Nombre de participants: illimité (en nombre pair), Disposition: L’animateur demande aux participants de fermer les yeux et de se laisser guider par lui. Il place une moitié des participants face à un mur, et l’autre moitié face au mur opposé, de manière à ce que chacun se trouve dos à dos avec un partenaire et environ à un mètre de lui. Puis, il invite tout le monde à rouvrir les yeux.

L’animateur lit:

« Si tout ton corps est éclairé, n’ayant aucune partie ténébreuse, il sera tout éclairé, comme lorsque la lampe t’éclaire de son éclat.

Luc XI, 36.

 » Quand vous ferez le deux Un, et le dedans comme le dehors, et le dehors comme le dedans, et le haut comme le bas, afin de faire le male et la femelle en un seul pour que le male ne se fasse pas male et que la femelle ne se fasse pas femelle (… ) alors vous irez dans le Royaume. »

Thomas XX, 9-2I

L’animateur poursuit (lentement):

Vous vous tenez debout, calme et détendu. Laissez tomber votre mémoire et votre imagination. Chacun pour soi-même répondra aux questions suivantes.

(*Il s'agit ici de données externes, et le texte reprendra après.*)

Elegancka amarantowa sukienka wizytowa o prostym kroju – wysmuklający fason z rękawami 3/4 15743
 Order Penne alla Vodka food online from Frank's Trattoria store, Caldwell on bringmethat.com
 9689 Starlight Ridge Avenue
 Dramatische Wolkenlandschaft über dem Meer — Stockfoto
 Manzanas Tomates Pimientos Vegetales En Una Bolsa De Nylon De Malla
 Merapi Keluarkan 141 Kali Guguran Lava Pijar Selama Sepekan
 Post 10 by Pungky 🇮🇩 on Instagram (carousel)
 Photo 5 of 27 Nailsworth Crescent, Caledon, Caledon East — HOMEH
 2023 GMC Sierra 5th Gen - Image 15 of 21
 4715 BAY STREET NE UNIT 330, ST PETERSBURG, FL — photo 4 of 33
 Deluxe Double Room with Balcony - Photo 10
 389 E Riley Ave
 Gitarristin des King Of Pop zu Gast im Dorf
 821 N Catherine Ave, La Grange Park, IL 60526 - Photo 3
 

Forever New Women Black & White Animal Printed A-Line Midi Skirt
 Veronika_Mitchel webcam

Dans l’évidence du moment présent, combien d’orteils avez-vous? … combien de jambes? … combien de doigts? … combien de bras?

Peut-être éprouvez-vous où vous êtes un certain nombre de sensations, mais forment-elles sûrement des pieds et des mains? Ne pourraient-elles pas provenir tout aussi bien de griffes, de sabots, d’ailes ou de nageoires – ou de toute autre chose?

Combien de têtes avez-vous – si vous en avez une? Et vos yeux, en avez-vous? Qu’en est-il advenu?

Arrivez-vous à vous trouver des limites, un dedans et un dehors, un endroit où vous prenez fin et où le monde commence?

De quel sexe êtes-vous? Masculin ou féminin ou ni l’un ni l’autre? Etes-vous, en ce moment précis, hétérosexuel ou homosexuel ou bisexuel – ou bien êtes-vous libre de toutes ces particularités?

Quel âge avez-vous? Etes-vous jeune? Vieux? Sans âge?

Dans l’évidence du présent, êtes-vous plus sûrement un être humain qu’un atome, ou une étoile, ou un nuage, ou un oiseau de paradis, ou un gorille?
Et moi, qui suis-je? Ne se pourrait-il pas que je sois un magicien qui travaille en ce moment â vous transformer en toutes sortes d’êtres ou de choses? Et si je vous avais métamorphosé, en sauriez-vous jamais quelque chose?

En réalité, ne vous êtes-vous pas entièrement désagrégé jusqu’à devenir le Royaume de la lumière, sans la moindre trace d’obscurité ou d’opacité?

COMMENT PRENDRE FORME?

L’animateur lit:
 » Si le grain de blé ne tombe dans le sol et ne meurt, il reste seul; mais s’il meurt, il produit une moisson abondante. »

(… ?)

 » Qui aura trouvé sa vie la perdra, et qui aura perdu sa vie (…) la trouvera. »

Matthieu XX, 39.

Continuez à regarder devant vous.

Maintenant vous êtes un espace, une capacité, un lieu ouvert.
Ouvert à quoi?

Mort à tout ce que vous avez imaginé être, vous êtes vivant – pour quelle raison et avec quel profit?

Faites un demi-tour. Accueillez l’image de votre partenaire. N’êtes-vous pas l’espace dans lequel il peut se manifester? Sans forme, pour recevoir la sienne? Mort, pour être animé par lui? Que pouvez-vous faire, sinon disparaître en sa faveur? Comment auriez-vous pu le trouver, sinon en vous perdant vous-même? Comment pourrait-il être présent à vous, si vous n’étiez absent? En ce moment, ne retrouvez-vous pas en lui, ce que vous avez perdu en vous-même?

Déplacez-vous dans ce local, et prenez la forme d’autres partenaires, la forme d’une chaise, d’un tableau, du paysage derrière la fenêtre, de n’importe qui ou quoi selon votre envie.

Qui parmi vous, en mourant de la sorte à son moi isolé, est ressuscité sous la forme de tous les autres? Qui, en renonçant à si peu de choses, en a obtenu tant? Est-ce vous qui accomplissez cet anéantissement de vous-même, ou bien cela vous a-t-il été donné – comme une grâce? Tout simplement, n’êtes-vous pas bâti de la sorte?